Kupang (ANTARA News) - Pengamat politik dari Universitas Katolik Widya Mandira Kupang Marianus Kleden berpendapat, sikap pasangan calon yang tidak menggunakan hak untuk mengajukan gugatan ke Mahkamah Konstitusi (MK), karena gugatan ke MK sangat melelahkan.

"Sebenarnya ada juga gugatan tetapi tidak diteruskan ke MK karena sangat melelahkan dan tidak akan mengubah hasil," kata Marianus Kleden kepada Antara di Kupang, Jumad terkait sikap politik pasangan calon yang tidak menggugat ke MK.

Pilkada yang berlangsung serentak di tiga daerah di Provinsi Nusa Tenggara Timur, masing-masing Kabupaten Flores Timur, Lembata dan Kota Kupang sudah selesai sejak pesta demokrasi rakyat itu digelar pada 15 Februari 2017.

Tidak ada satu pasangan calonpun yang menggugat Komisi Pemilihan Umum ke Mahkamah Konstitusi (MK).

Mengenai pembatasan MK, Dekan Fakultas Ilmu Pemerintahan Unwira ini mengatakan, MK selalu membuat pertimbangan politis. Apa maslahat dan mudarat dari keputusannya.

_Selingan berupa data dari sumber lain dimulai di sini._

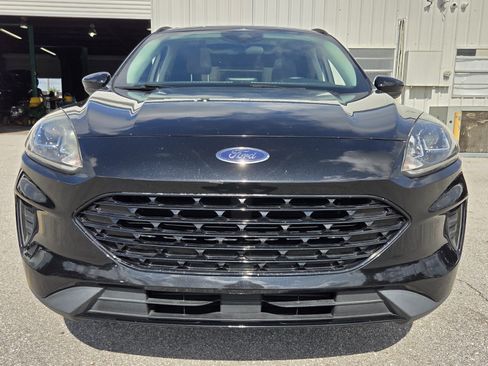 Used 2022 Ford Escape SE w/ SE Sport Appearance Package FWD image 8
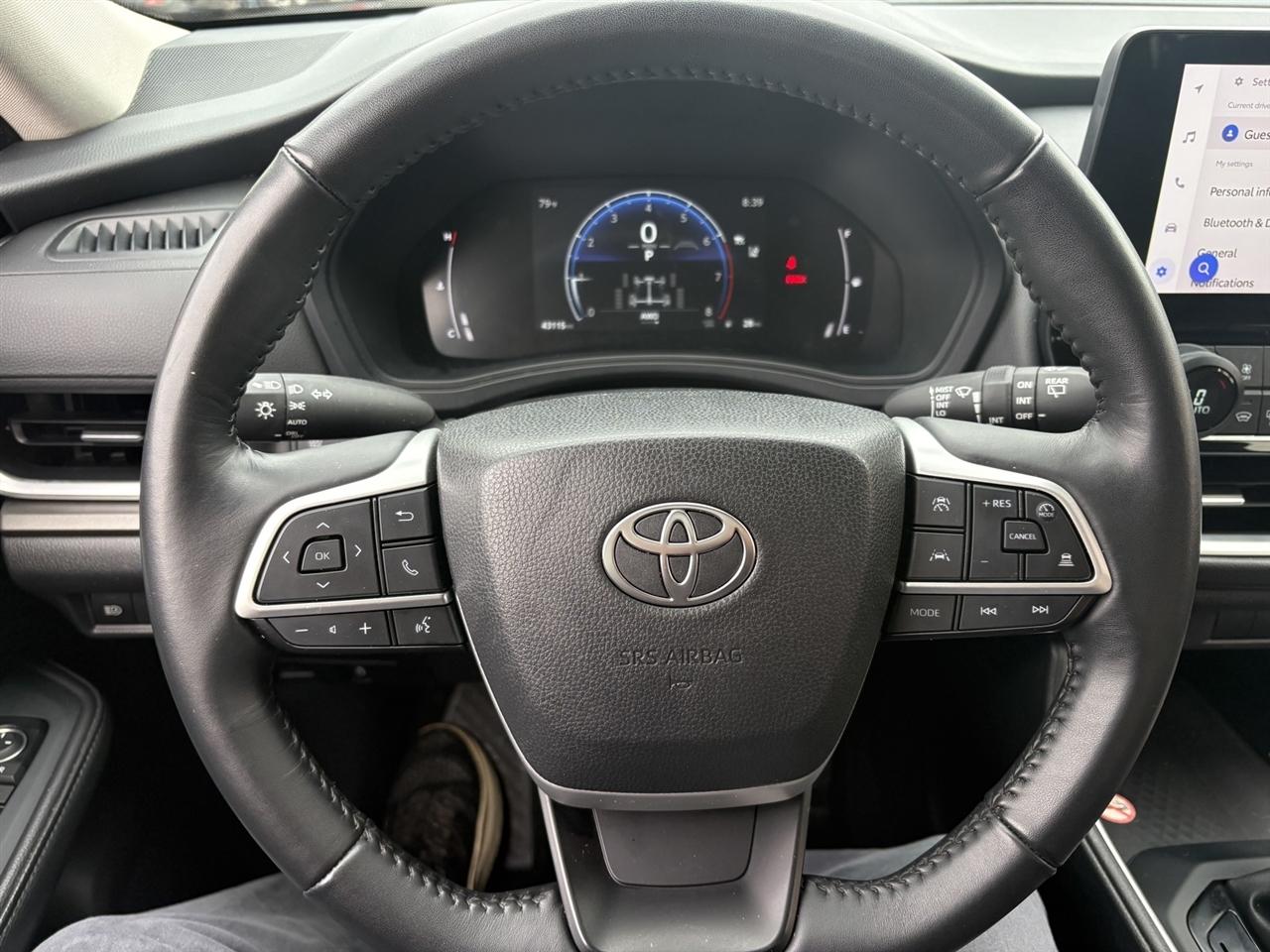 Toyota Grand Highlander XLE 4D SUV AWD 2025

"Kalau ada pelanggaran tetapi kecil, maka pelanggaran itu diabaikan saja karena mengulang pemilu saja menimbulkan gejolak sosial ekonomi yang besar," kata Dosen Antropologi Politik pada Fisip Unwira itu.

Dia menambahkan, sikap politik pasangan calon itu, tidak berarti bahwa kualitas demokrasi sudah semakin baik.

"Menurut saya, mutu pilkada tidak banyak berubah. Transparansi sering menjadi soal," katanya.

Pandangan hampir sama disampaikan, Pengamat politik dari Universitas Muhammadya Kupang Dr. Ahmad Atang menilai, sikap pasangan calon yang tidak menggunakan hak untuk mengajukan gugatan ke Mahkamah Konstitusi (MK) patut diapresiasi.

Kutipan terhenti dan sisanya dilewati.